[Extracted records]
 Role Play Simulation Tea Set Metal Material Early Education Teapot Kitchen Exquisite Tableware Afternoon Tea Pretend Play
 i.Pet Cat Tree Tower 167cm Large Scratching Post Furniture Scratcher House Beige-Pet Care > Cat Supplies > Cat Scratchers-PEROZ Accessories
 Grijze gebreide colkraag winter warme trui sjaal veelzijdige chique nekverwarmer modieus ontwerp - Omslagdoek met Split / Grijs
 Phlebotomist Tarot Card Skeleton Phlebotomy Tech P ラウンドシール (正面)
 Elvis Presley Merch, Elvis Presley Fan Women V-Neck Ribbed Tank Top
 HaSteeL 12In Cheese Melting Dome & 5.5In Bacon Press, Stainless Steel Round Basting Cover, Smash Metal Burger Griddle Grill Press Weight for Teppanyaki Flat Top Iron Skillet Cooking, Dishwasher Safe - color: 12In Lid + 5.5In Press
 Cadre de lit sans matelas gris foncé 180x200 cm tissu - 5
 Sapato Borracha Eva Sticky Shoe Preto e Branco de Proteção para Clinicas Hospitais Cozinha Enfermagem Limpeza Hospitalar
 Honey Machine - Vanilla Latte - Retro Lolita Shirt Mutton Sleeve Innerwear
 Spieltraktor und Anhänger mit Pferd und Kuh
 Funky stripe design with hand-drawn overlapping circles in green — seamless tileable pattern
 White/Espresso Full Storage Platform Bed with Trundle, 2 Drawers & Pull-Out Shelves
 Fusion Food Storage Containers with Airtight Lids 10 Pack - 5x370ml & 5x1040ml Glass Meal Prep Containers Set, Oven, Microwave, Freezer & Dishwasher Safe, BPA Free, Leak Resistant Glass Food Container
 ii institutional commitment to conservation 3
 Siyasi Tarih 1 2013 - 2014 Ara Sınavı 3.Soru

- Your instructions -
Give an exact copy of every line from the one holding "ii institutional commitment" through the end of the records, both included, and no other lines.

- Your solution -
 ii institutional commitment to conservation 3
 Siyasi Tarih 1 2013 - 2014 Ara Sınavı 3.Soru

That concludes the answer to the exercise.